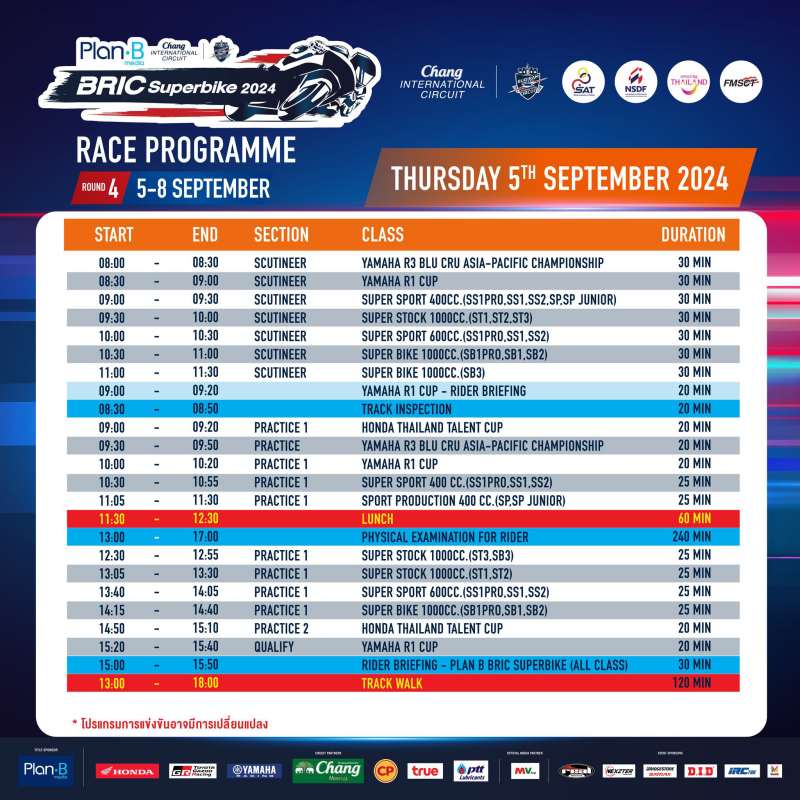 _schedule Plan B Media BRIC Superbike 2024 Round 4-1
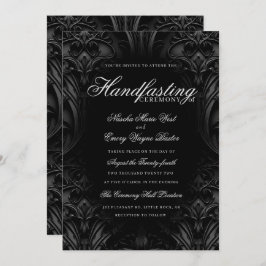 Elegant Black Gothic Damask Moody Handfasting Einladung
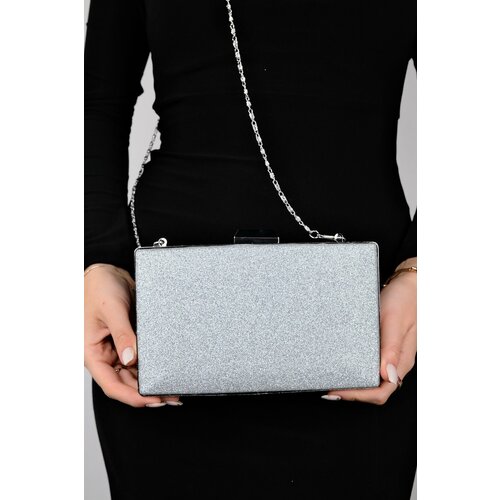 LuviShoes MARSEILLE Silver Sand Glitter Women's Evening Dress Bag Slike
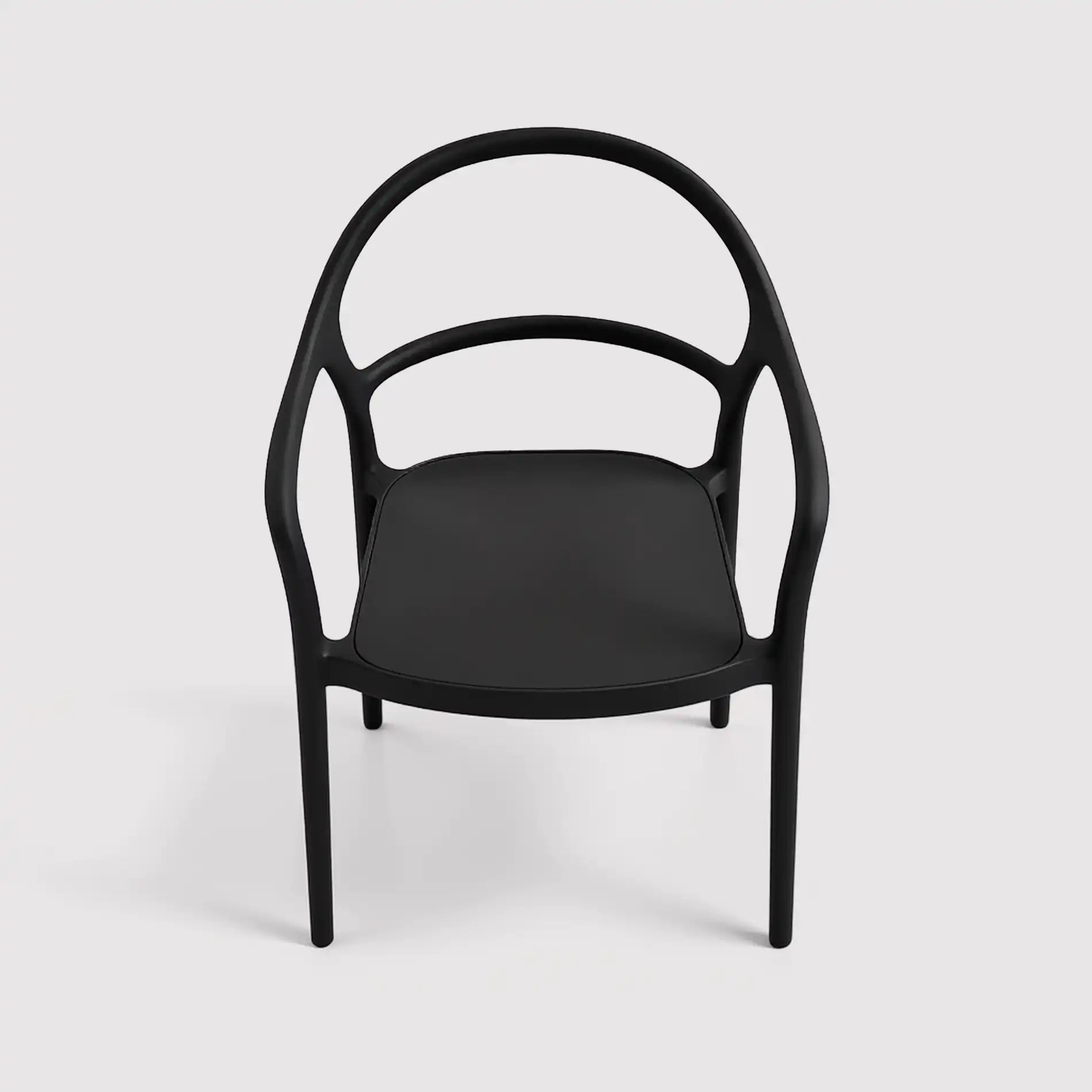 Baloot - Sedia impilabile nera per casa moderna o giardino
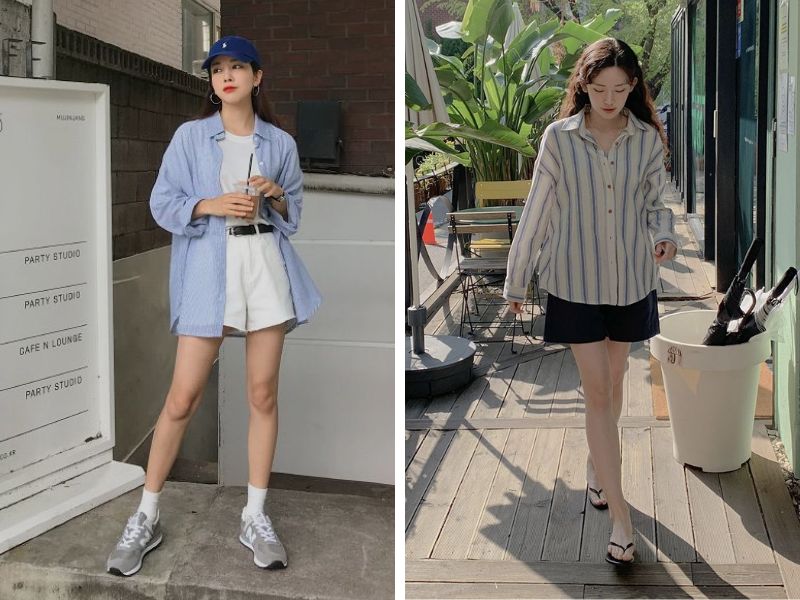 áo sơ mi kẻ sọc oversize quần short nữ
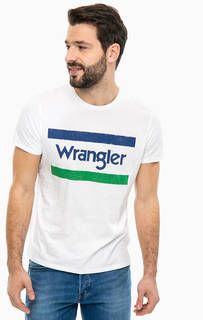 Белая хлопковая футболка с принтом Wrangler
+ + +
▶ **TASK INSTRUCTIONS**: Please print the lines exactly, from the top of the material through the line with "Baloot - Sedia", and omit the pictures.

▶ **OUTPUT**:
 _schedule Plan B Media BRIC Superbike 2024 Round 4-1
 Elegant Black Gothic Damask Moody Handfasting Einladung
 LuviShoes MARSEILLE Silver Sand Glitter Women's Evening Dress Bag Slike
 Baloot - Sedia impilabile nera per casa moderna o giardino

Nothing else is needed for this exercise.